Maybe the torque.I am still looking for an armature or a complete unit.So,no updates yet.


----------



## shamoo (Nov 6, 2008)

Did you google "Minn Kota 3 hp trolling motor" Try it, it might help you out.


----------



## ben2go (Nov 6, 2008)

Yea I been all over google like a broke hooker.That's how I found Bob Ridgway at Ridgway Marine.The 3HP was only made 2 years and it wasn't a very popular model.


----------



## ben2go (Nov 7, 2008)

Found an armature but the brushes are no longer available.I don't think the unit is worth the money.The armature is available by special order at $93.95 + shipping.I still haven't been able to test the circuit board to be sure that it wasn't damaged when I tried to test the unit when I got it.Maybe I will luck up and find a good used unit or a unit that is damaged with a good armature.


----------



## rcgreat (Nov 8, 2008)

Ben, Do you have exact measurements of the mtor brushes. I work on power wheelchairs and have access to alot of different brushes. Maybe I can match some up that will work on your motor. Do your brushes have shunts (wire sticking out the back side)?


----------



## ben2go (Nov 8, 2008)

rcgreat said:


> Ben, Do you have exact measurements of the mtor brushes. I work on power wheelchairs and have access to alot of different brushes. Maybe I can match some up that will work on your motor. Do your brushes have shunts (wire sticking out the back side)?
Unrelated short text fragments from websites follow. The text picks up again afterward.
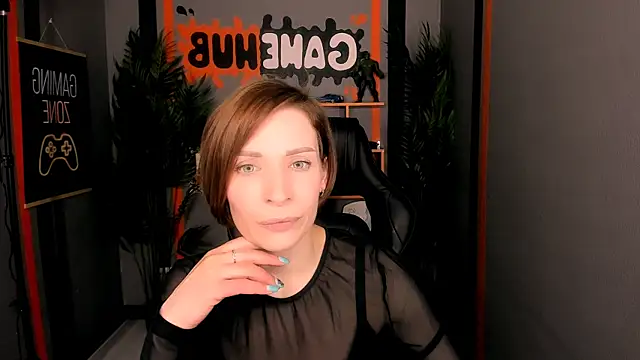 DakotaShelton online show from 27, 4, 2026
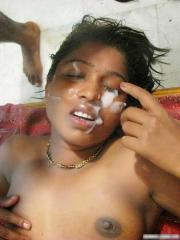 hardcore-indian-sex-and-cum-drinking.jpg image hosted at ImgAdult.com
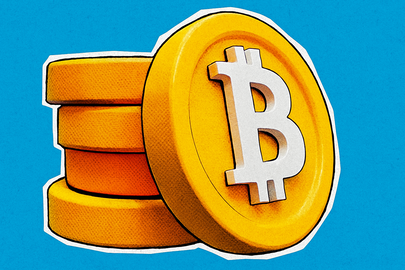 Bitcoin verso un superciclo nel 2026? CZ ci crede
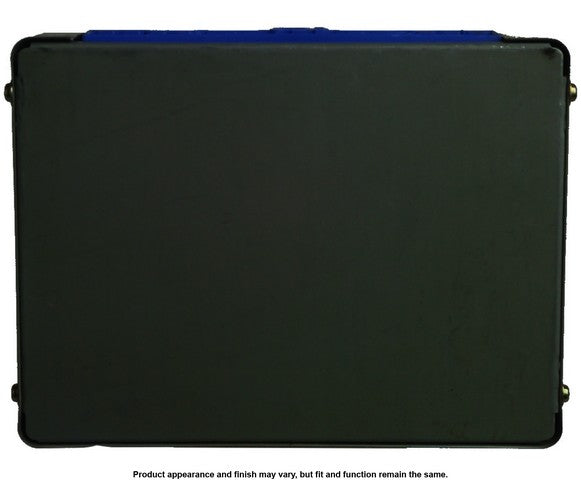 CARDONE Reman Engine Control Module (ECM) P/N:72-3374 Fits: Nissan Sentra 94-93 - Image 2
I can get the measurements and yes the brushes have really thick braided copper shunts with O ring terminals.Thanks.I'll PM you the measurements when I have them.


----------



## ben2go (Mar 19, 2009)

Update.I waited to long to try and order a new armature for the trolling motor.There no longer available.So now I am seeking out a broken unit with a good armature.There is a mod that uses a weedeater motor and gears to turn it into a gas powered trolling motor.May do that if I can't find an armature.


----------



## huntndeer (Mar 20, 2009)

if you change your mind about parting it out let me know i have a working 3hp but a bent shaft and know way to trim the motor i would be intrested in the shaft


----------



## redbug (Mar 20, 2009)

is the broken part something you can have fabricated???
I think i have a 3hp motor at my cabin might want o look at the gas motor mod myself

Wayne


----------



## ben2go (Mar 21, 2009)

huntndeer said:


> if you change your mind about parting it out let me know i have a working 3hp but a bent shaft and know way to trim the motor i would be intrested in the shaft



I will let you know.My shaft is pressed into the motor housing.There is 3 different models of the 3HP.





redbug said:


> is the broken part something you can have fabricated???
> I think i have a 3hp motor at my cabin might want o look at the gas motor mod myself
> 
> Wayne



No the armature can't be fabricated.Well,it could be but at an astronomical price.The motor took a hard prop strike and knocked the commutator into the brushes.I tried pressing it back into the windings but just ruined them.I thought about having the armature rewound but that is as much as a new trolling motor.


----------